2.1. Working Principle and Features of Micropumps

Micropumps regulate fluid outflow using diffusion and contraction tubes that create varying fluid dynamics due to differences in their capacities and structures. These variations produce distinct inflow and outflow rates, resulting in differential fluid flow [27,28]. The pumps operate by employing moving components to induce periodic vibrations. Each cycle consists of two modes: “suction” and “pumping”. During the suction mode, the pump chamber expands upward under external force, increasing its volume and lowering internal pressure relative to the outside. At this stage, the inlet acts as a diffusion outlet [29,30] and the outlet functions as a contraction tube, causing the fluid flow rate in the diffusion tube to exceed that in the contraction tube, thereby enhancing the inflow. In the pumping mode [31,32], the chamber contracts downward, reducing its volume and raising the internal pressure. At this point, the inlet functions like a contraction tube and the outlet behaves as a diffusion tube, allowing fluid to exit the chamber and complete the transport process.
The pump chamber contains oscillating diaphragms on either side that adjust the chamber volume to draw in and expel fluid [33,34,35]. Through their oscillation, these diaphragms modulate the chamber volume, effectively forming a one-way valve with the combined action of the diffusion and contraction tubes. This micropump design, utilizing diffusion and contraction tubes, unifies the driving source, transmission part [36,37], and pump body traditionally found as separate elements in conventional pumps. However, moving components may incur losses from pressure and are susceptible to wear, fatigue damage, and specific challenges when handling certain fluids [38,39]. At the microscale, advancements in driving technology for micropumps continue to address these evolving demands.

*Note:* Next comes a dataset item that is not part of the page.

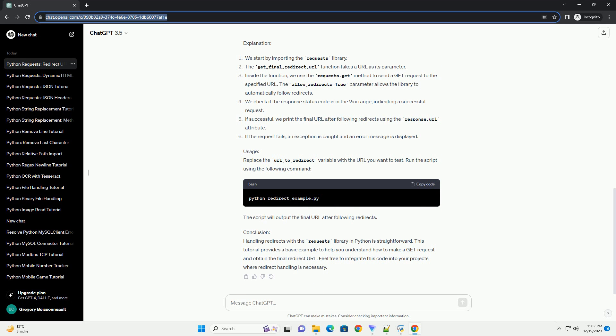Here's a complete example that combines the above concepts. Replace https://example.com with the URL you want to check. The get_final_url function takes care of making the request and printing the relevant information. That's it — you now have a basic understanding of how to use the requests library to handle redirection and obtain the final URL after following redirects.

2.2. Applications for Micropumps

Micropumps are highly effective at operating under high frequencies, making them indispensable for transporting liquids with suspended particles or biological materials. These pumps hold considerable promise for applications in chemistry [40], pharmaceuticals, and biomedicine. In microfluidic channels, slight disruptions from rough wall surfaces can influence fluid dynamics within the system, leading to vortex structures in the near-wall regions of the flow fields. The fluid flow typically remains in a laminar state, where internal friction shear stress follows Newton’s law of internal friction. Key parameters of the microfluidic system, such as velocity distribution [41], flow rates, and energy losses during laminar flow, can be determined using mathematical methods.

3. Oscillatory Fluid Motion

In this study, the “Fluid-Solid Coupling” interface within COMSOL 6.1 is employed to analyze fluid flow and the resulting deformations within valve structures. The “Global Ordinary Differential and Differential Algebraic Equations” module facilitates time-based numerical calculations, tracking fluid flow throughout each phase of the pumping cycle across the microfluidic system. The reciprocating pumping mechanism induces oscillatory fluid motion, transforming this oscillation into a directed net flow. Within the system, the oscillatory pumping action is achieved through a piezo-oscillator that vibrates the membrane, periodically adjusting the volume of the microchamber.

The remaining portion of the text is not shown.